Any ideas for solving a data lineage requirement using SQL Server (or other database?)

  • Hi,
    We have the following requirement for a new system we're building and I'm trying to figure out the best type of schema for it - also open to alternative database technologies if it makes sense. 

    We are building a system where multiple sources of data can come in and go through an ETL-type process, where one of the sources is chosen as the "official" source. In the end of the process, the data can be stored in a normal, traditional table - but we need to be able to trace back the lineage of each data point on a column by column basis. In other words, different columns in the same table, may have come from different sources. We need to be able to tell which source each data point came from, and also when it was saved, and potentially other meta data about it - i.e. which ETL rule was used to produce the column, etc.

    I normally hate key-value tables, but was starting to think maybe this makes sense, at least as a working table. I could then store whatever metadata I need for each value as it comes in. I could even throw a persisted pivoted table on top of that, so that it's performant when people  want to query the data in a more traditional way. My experience with key value tables is that they get horribly slow as the data grows. It's also very hacky, because we will have multiple data types, and then there's the question of what data type you use for the value column, etc.

    Last night, I had a different idea - where each traditional data table has a "shadow" table, with the exact same schema and unique key. However the shadow table would be all xml types, and then I can store whatever meta data I want about each column, and join the two tables when needed. (most of the time people will not need to access the meta data, it's more shown as information when researching data points, or seeing different sources side by side). 

    Has anyone done anything like this before? Again, I'm open to other technologies besides SQL Server.

    Thanks!
    H

  • Interesting concept.   However, without a lot more detail, it's somewhat difficult to make a useful recommendation.   I'm not any fan of EAV designs, as they are the very worst when it comes to database design.   They go against pretty much every shred of common sense associated with databases, and performance usually stinks to high heaven as well.   Just trying to develop a useful query against an EAV design is often a nightmare.   Data types are tossed out the window too.   Anyway, I'd want to know more about overall record size, as well as data volume per unit time.   That may shed light on a better strategy.

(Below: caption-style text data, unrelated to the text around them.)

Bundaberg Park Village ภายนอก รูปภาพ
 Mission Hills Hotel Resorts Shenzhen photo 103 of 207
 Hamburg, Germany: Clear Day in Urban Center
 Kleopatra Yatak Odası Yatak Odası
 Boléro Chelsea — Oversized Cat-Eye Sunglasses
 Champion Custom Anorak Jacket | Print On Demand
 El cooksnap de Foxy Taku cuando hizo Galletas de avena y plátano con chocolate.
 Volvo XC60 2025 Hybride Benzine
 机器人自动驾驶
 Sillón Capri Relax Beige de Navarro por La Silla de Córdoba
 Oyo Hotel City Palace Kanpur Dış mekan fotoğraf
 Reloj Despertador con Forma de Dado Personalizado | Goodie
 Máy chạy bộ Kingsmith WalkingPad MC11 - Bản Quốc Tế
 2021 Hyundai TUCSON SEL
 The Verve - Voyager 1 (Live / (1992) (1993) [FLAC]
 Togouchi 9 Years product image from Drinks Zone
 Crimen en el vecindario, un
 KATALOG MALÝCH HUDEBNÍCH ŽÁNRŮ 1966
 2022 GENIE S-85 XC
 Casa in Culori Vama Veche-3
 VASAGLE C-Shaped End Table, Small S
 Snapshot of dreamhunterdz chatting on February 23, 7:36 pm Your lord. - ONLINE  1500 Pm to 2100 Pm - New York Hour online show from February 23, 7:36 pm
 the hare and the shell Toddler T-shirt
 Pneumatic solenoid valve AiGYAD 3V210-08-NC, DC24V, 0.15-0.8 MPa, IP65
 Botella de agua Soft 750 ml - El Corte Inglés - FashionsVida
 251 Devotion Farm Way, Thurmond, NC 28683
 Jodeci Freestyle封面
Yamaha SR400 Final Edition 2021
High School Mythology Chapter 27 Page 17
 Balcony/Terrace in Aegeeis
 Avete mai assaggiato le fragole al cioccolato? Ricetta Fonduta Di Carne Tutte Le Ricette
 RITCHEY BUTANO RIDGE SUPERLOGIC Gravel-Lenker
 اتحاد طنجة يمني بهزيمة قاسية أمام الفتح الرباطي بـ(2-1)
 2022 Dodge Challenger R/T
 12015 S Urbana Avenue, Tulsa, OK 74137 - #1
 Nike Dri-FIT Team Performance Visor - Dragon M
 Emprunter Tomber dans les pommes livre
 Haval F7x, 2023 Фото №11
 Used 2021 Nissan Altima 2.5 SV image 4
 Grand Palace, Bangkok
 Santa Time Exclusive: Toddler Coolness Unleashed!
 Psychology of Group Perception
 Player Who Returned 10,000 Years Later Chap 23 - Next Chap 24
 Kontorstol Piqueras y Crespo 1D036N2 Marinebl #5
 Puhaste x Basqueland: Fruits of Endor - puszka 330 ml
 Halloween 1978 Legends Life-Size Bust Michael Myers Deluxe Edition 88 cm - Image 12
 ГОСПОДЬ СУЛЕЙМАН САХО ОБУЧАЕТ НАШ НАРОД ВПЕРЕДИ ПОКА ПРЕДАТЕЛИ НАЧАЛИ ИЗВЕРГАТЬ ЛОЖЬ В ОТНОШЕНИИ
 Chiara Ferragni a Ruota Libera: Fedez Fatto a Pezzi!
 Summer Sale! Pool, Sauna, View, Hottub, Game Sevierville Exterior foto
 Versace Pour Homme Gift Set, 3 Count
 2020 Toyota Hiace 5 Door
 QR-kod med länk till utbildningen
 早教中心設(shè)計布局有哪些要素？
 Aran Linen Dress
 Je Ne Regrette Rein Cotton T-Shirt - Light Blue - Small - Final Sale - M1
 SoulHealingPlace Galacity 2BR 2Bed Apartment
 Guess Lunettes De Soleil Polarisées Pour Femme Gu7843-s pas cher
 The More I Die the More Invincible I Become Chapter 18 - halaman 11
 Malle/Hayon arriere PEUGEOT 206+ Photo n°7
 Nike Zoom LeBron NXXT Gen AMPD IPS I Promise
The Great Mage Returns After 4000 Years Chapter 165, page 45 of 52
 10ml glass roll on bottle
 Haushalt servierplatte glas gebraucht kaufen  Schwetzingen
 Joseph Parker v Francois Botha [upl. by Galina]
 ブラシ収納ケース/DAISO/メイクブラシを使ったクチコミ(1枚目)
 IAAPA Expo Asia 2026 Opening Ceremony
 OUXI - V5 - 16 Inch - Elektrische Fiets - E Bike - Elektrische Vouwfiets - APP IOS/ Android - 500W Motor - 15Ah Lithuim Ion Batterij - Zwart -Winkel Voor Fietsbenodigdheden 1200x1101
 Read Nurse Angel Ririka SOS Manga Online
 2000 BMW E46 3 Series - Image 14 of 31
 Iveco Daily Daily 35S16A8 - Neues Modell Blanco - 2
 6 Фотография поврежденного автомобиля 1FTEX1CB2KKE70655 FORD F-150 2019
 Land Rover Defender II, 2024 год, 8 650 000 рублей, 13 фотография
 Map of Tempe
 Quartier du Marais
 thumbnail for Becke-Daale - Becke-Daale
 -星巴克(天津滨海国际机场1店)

    Steve (aka sgmunson) 🙂 🙂 🙂
    Rent Servers for Income (picks and shovels strategy)

  • Yes - agreed about the EAV design. I'm trying to avoid it at all costs - it's temping because on paper it gives me the functionality I need. But I'm avoiding it for all the reasons you mentioned.

    Figure the table will have about 20-30 columns, mostly nullable numeric data. It will be key'd by an ID-AsOfDate pair. It will have a growth rate of around 1 million records per year.

    I'm surprised that this isn't a requirement that commonly comes up.

  • Your lineage requirements are more complicated than mine.  I do have some individual columns simple to record the ETL Process ID that updated them as they are critical one time updates (e.g. Customer First Contact Date and Time.

    One small thing that might help you though.  Investigate the use of the SEQUENCE.  They are fairly new in SQL Server.  But I use a single sequence point that that each different ETL process has it's own ID.  That way when all the data is in the warehouse, it would be possible to know which process added or last updated either the entire record or certain individual critical pieces.

  • If your table is only going to be 23-30 columns why not simply add another set of columns that stores where the data came from along with whatever meta data you want.  That seems a lot simpler than trying to load and then join another table whenever you want to know that information.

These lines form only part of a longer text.